The whole point of the Wallet app is to make things easier for users, even if that means giving in a little bit to retailers that insist on a custom solution...
at the small business I work at, I pushed for getting a card reader that supports Apple Pay, but now that we have one, only a couple customers even use it, and yes, it's advertised as being a supported payment method.
I think that another reason adoption is low is because there are still people who don't trust their phone to hold their credit card information like that, "what if I lose my phone or it gets stolen?"
These same people probably also don't use a passcode or have something terribly insecure like 123456 or 000000, just enough to make the phone stop complaining to them about not having a passcode
It’s very simple! Retailers do not like it or want it because they can’t trace the sale! Retailers use your credit card number to identify you. They use a hashed version of that, and other cards you use, to create a unique customer record on you!
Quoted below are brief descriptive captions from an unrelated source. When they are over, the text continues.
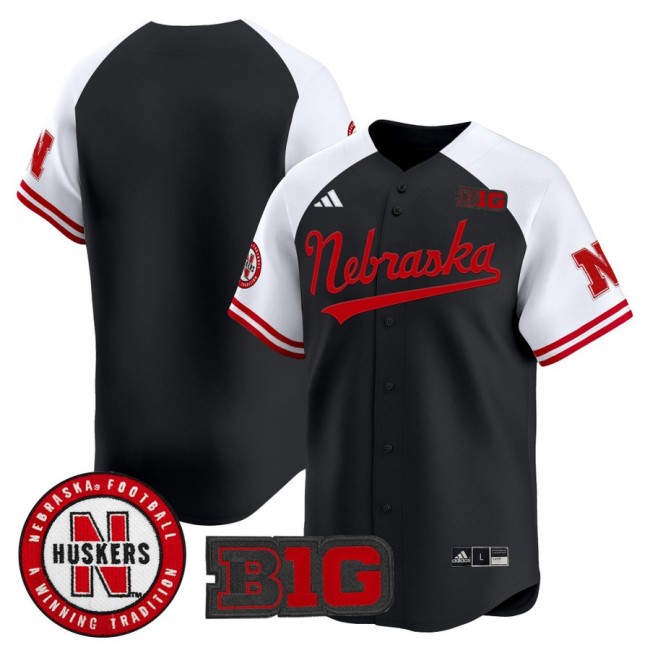 Men's Nebraska Huskers Blank 2025 Vapor Baseball Jersey - Black White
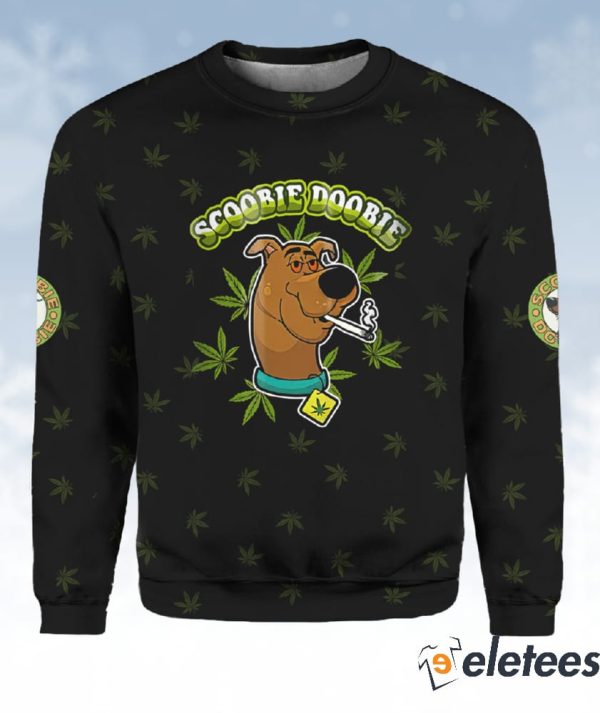 Scoobie Doobie Weed Puff Puff Pass Scooby A Doobie Sweater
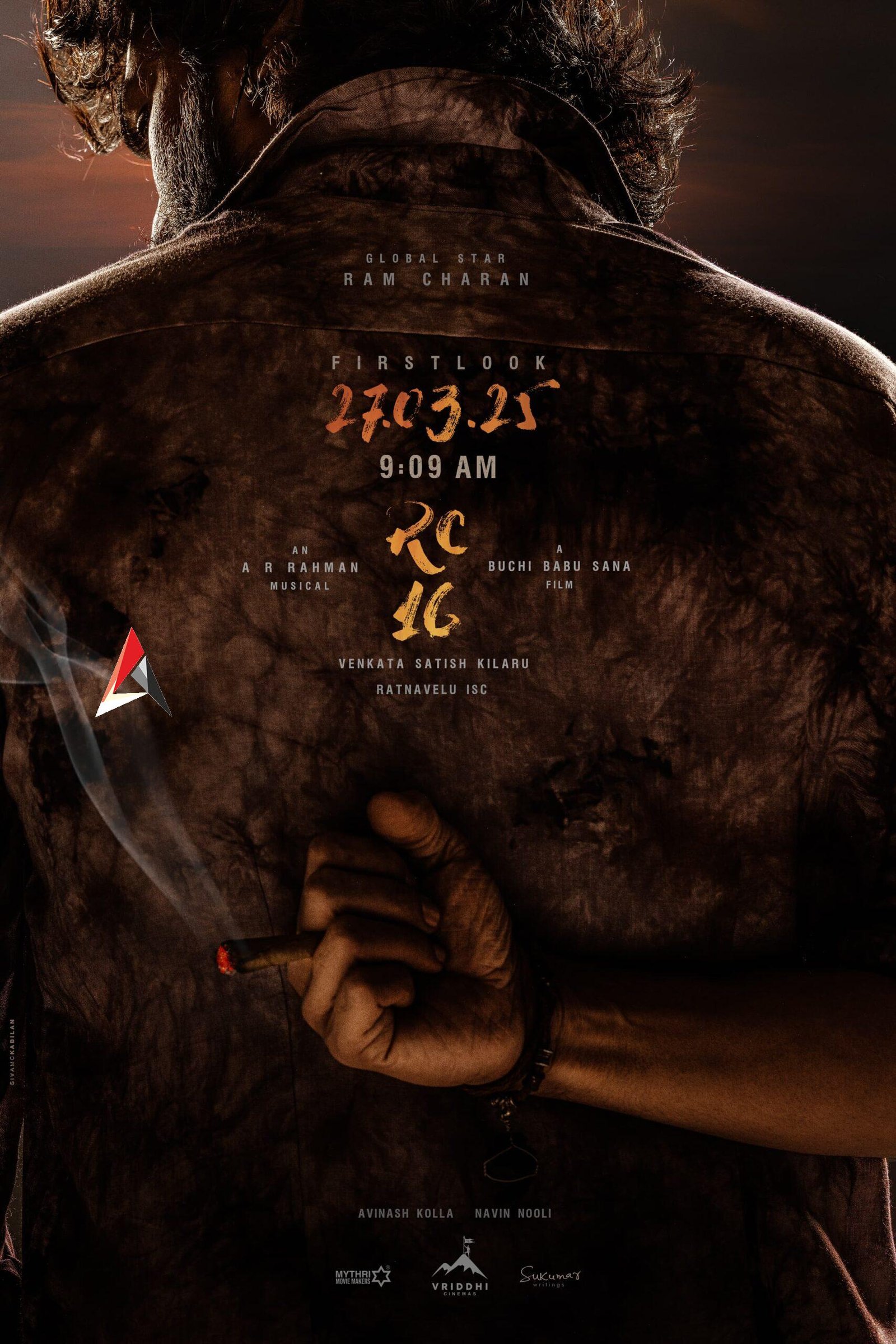 రేపే RC16 టైటిల్, ఫస్ట్ లుక్ విడుదల.. అంచనాలు పెంచేసిన ప్రీ లుక్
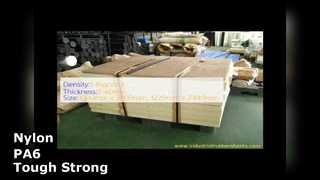 Feuille de nylon PA6 en plastique haute résistance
The data is used to understand shopper behavior, brand affinity, etc., who helps merchandise stores and select the assortment. Because Apple Pay proves them no traceable data it’s considered like a cash sale and non-traceable. Apple needs to further update the loyalty program capabilities to address some of this so companies like Starbucks will support it.
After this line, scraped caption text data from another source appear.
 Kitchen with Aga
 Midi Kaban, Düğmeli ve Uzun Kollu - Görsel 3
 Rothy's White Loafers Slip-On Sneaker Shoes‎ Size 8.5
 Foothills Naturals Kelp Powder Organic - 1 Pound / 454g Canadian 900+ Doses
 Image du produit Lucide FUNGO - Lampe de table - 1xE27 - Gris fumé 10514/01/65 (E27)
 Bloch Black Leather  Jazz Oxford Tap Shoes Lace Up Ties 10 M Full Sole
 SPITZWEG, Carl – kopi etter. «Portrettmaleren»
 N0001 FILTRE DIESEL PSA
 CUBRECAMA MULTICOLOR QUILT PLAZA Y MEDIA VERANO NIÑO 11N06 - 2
Starbucks supports Apple Pay in Finland, just like any other NFC payment methods. Don't let businesses screw you, and they won't.
Stores are still shutting off Apple Pay capability even though their POS hardware handles it. Home Depot is a perfect example. Until all POS hardware is forced to accept Apple Pay stores will continue to turn it off. Of course users need to understand what they have and use it.
By "forced to accept," hopefully you mean by market forces. As Apple Pay spreads to more merchants, now approaching 75%, companies continue to switch over, witness in the past year massive retailers like Costco and Target. Apple's incentivizing people by giving them 2% with using the phone will exercise even more pressure as people will shop where they get more money back. Holdouts like Kroger, the largest grocery chain in the US are desperately trying to push their own in house options "Kroger Pay," ugh, but they won't last much longer as consumers don't want to deal with this nonsense. Some, like Lowe's, are hurting financially and don't have the money to switch out their equipment to have NFC readers, but as they upgrade, they too will succumb.
Stores are still shutting off Apple Pay capability even though their POS hardware handles it. Home Depot is a perfect example. Until all POS hardware is forced to accept Apple Pay stores will continue to turn it off. Of course users need to understand what they have and use it.
Home Depot’s security is a sieve. I use cash only there or shop elsewhere.
I know about all of Wal-Mart's bullshit to deny Pay but what is the reasoning that Home Depot uses?
Home Depot, like Walmart, doesn't want to lose that data. Right now they link your card to an email, etc.. If they accepted Apple Pay, they wouldn't know anything about you. Control over this data is incredibly valuable to them, so they are fighting to the last against the tide. In contrast, I shopped at an independent national chain, Do it Best Hardware and used my Apple Pay there, as does national chain Ace Hardware. Home Depot is also banking on their main competitor, Lowe's, struggling financially such that they can't upgrade their archaic computer systems. If Lowe's adopts it, Home Depot will overnight have to.
Stores are still shutting off Apple Pay capability even though their POS hardware handles it. Home Depot is a perfect example. Until all POS hardware is forced to accept Apple Pay stores will continue to turn it off. Of course users need to understand what they have and use it.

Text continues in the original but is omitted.